Isso torna ainda mais admirável o feito de Peña Nieto, que incluiu também a reforma nas telecomunicações, que introduziu uma verdadeira concorrência entre as empresas e baixou os preços da telefonia e da internet. Nenhum outro presidente tinha conseguido fazer reformas constitucionais no México democrático, ou seja, a partir dos anos 80.

Pelas projeções de Ortega, a aliança liderada por AMLO terá maioria simples, e ficará muito longe de controlar 17 assembleias legislativas. Para conseguir a maioria de três quartos, ele teria de atrair partidos de alianças adversárias. O que não é impossível, mas vai requerer muita habilidade política, analisa Ortega.
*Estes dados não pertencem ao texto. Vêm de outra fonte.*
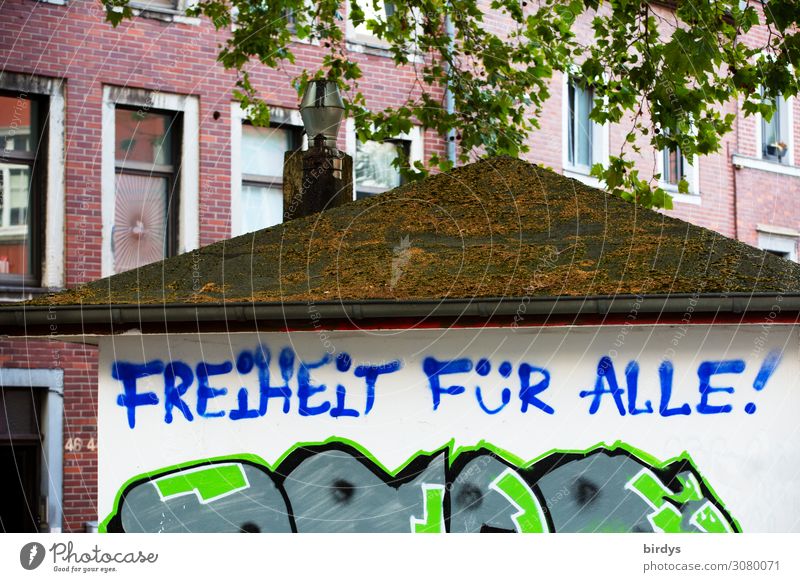 Freiheit Baum Ast Stadt Haus Fassade Dach Zeichen Schriftzeichen Graffiti authentisch positiv rebellisch blau grün rot weiß Gefühle Begeisterung Menschlichkeit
E dentro de três anos haverá novas eleições para a Câmara dos Deputados (para o Senado, só daqui a seis).

Quanto à Copa do Mundo, ela não teve uma influência direta sobre as eleições, afirma Alberto Aguirre, repórter do jornal El Economista. Mas beneficiou indiretamente a AMLO. “Desde que começou o torneio, as pessoas deixaram de dar atenção às campanhas. Isso afetou aos que estavam disputando o segundo lugar, enquanto AMLO continuava sem ser ameaçado em sua posição de liderança.”

De acordo com as pesquisas, AMLO tem entre 48% e 52% das intenções de votos. Isso é mais ou menos a soma dos votos dos outros três candidatos somados. José Antonio Meade, candidato do governo, em segundo lugar com 20% a 25%, chegou a declarar, depois da goleada da Suécia sobre o México, que “a derrota serve de aprendizagem”. Com certeza, pelo menos as derrotas de AMLO serviram.